# Frage zum Erfassen von hinzufügten und entfernten Objekten



## UnkiDunki (15. Mrz 2010)

Hi,

ich habe eine Frage zu einer bestimmten Umsetzung:

Eine Person hat n Adressdaten, die in der Datenbank in einer eigenen Tabelle erfasst werden und über eine andere Tabelle mit deren IDs und der Personen-IDs miteinander verknüpft werden.

Nun habe ich ein Formular, welches in Tabs die Adressdaten anzeigt und man diese ggf. löschen kann indem man das entsprechende Tab schließt. 
Wenn man dann auf "Speichern" oder "Übernehmen" klickt, sollen dann die Adressdaten bzgl. der Person aktualisiert werden.

Neue hinzugefügte Daten sind ja kein Problem, aber wie geht man mit entfernten Daten um.

1. Möglichkeit: Bevor man die vorhanden Adressdaten der Datenbank hinzufügt, löscht man zuvor alle bereits vorhandenen Adressdaten und fügt bei Löscherfolg bequem die neuen hinzu.

2. Möglichkeit: Sobald ein Tab geschlossen wird, wird ein Query abgesetzt, dass diese Adressdaten, sofern vorhanden, direkt löscht. So ist man zwar immer auf dem aktuellen Stand, aber wenn man jetzt z.B. auf "Abbrechen" geht, sind die Daten bereits "unwiederuflich" entfernt worden. Also nicht wirklich optimal.

Fazit: Die 1. Möglichkeit macht am meisten Sinn, allerdings habe ich das Gefühl, dass das ziemlich "dirty" ist, erst alle vorhandenen zu löschen und dann die INSERTs abzusetzen.
FRAGE: Gibt es da ne elegante Methode, Art und Weise, "Besitzobjekte" eines Objektes in der Art wíe oben beschrieben zu ändern bzw. aktualisieren oder wird in der Regel doch immer zur 1. Möglichkeit gegriffen?

Vielen Dank im Voraus


----------



## Firestorm87 (16. Mrz 2010)

Wie wäre es mit Option 3:

Ich merke mir, welche Daten gelöscht werden sollen und setzte den Query erst ab, wenn auf Übernehmen geklickt wird?


----------



## Gast2 (16. Mrz 2010)

Wie wäre es mit Transaktionen? Du setzt die Query ab und wenn man auf Abbrechen machst ein rollback und sonst ein commit...


----------



## UnkiDunki (16. Mrz 2010)

@Firestorm87:
Ok, wäre ne Idee... neue, noch nicht gespeicherte Tabs haben sowieso keine ID und sind beim Schließen sowieso uninteressant und für die anderen könnte ich ein Array machen, in das ich bei ihrem Schließen deren IDs hinzufüge...

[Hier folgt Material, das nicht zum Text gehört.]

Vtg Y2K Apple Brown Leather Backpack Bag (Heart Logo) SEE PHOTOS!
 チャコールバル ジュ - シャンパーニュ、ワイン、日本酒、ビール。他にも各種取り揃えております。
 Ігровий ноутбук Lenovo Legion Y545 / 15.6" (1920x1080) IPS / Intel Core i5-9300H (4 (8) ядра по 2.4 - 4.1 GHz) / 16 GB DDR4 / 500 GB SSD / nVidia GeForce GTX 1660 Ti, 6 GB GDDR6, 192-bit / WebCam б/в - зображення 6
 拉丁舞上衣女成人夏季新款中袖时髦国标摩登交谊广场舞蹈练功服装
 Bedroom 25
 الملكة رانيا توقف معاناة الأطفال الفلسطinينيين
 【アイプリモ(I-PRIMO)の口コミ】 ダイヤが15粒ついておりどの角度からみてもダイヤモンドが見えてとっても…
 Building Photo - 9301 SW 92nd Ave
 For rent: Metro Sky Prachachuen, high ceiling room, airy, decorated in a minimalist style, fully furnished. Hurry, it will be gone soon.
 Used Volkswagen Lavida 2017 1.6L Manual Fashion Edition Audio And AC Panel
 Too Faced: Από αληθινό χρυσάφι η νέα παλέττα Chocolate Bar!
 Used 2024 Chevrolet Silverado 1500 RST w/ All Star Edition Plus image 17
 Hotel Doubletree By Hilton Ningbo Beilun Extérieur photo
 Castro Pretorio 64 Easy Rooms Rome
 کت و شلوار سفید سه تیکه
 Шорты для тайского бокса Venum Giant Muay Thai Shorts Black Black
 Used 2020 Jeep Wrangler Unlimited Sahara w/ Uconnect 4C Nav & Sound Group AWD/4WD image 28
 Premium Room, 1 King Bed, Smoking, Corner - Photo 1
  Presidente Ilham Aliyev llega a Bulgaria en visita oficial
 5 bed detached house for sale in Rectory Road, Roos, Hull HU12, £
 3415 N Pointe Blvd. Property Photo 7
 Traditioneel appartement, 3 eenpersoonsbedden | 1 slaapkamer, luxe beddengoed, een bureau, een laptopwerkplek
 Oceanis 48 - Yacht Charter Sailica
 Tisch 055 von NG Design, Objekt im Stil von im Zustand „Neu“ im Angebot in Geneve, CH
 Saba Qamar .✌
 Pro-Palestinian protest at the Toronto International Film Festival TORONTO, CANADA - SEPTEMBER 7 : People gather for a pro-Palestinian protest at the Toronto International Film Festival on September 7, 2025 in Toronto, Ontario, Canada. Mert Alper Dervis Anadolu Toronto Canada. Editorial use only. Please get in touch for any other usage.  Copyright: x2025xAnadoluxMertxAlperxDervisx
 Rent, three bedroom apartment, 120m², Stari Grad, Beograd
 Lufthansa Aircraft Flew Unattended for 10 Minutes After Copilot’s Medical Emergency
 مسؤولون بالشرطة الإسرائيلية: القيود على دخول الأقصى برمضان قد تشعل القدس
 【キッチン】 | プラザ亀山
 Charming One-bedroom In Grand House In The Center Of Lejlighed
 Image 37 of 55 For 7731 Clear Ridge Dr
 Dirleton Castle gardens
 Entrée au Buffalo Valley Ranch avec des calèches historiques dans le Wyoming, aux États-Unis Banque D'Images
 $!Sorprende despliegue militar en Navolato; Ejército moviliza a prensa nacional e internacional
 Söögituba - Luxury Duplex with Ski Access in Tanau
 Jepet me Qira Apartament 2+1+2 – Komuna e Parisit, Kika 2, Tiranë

@SirWayne: Ja, an Transaktionen hatte ich in der Tat auch schon gedacht, nur befürchte ich dann ein Problem mit Überschneidungen, wenn man ein anderes Objekt öffnet und das gleiche macht, da ich auf ein statisches Connection-Objekt zugreife, dass sich jeder teilt... Vielleicht nicht ganz gut gelöst, aber als ich die Datenverbindung immer bei Gebrauch neu erstellt habe, also eine Instanz, wo es noch nicht statisch war, hatte ich ähnliche Probleme mit Transaktionen...


----------



## maki (16. Mrz 2010)

> da ich auf ein statisches Connection-Objekt zugreife, dass sich jeder teilt


Aua!



> Vielleicht nicht ganz gut gelöst


Das ist keine Lösung 



> ber als ich die Datenverbindung immer bei Gebrauch neu erstellt habe, also eine Instanz, wo es noch nicht statisch war, hatte ich ähnliche Probleme mit Transaktionen...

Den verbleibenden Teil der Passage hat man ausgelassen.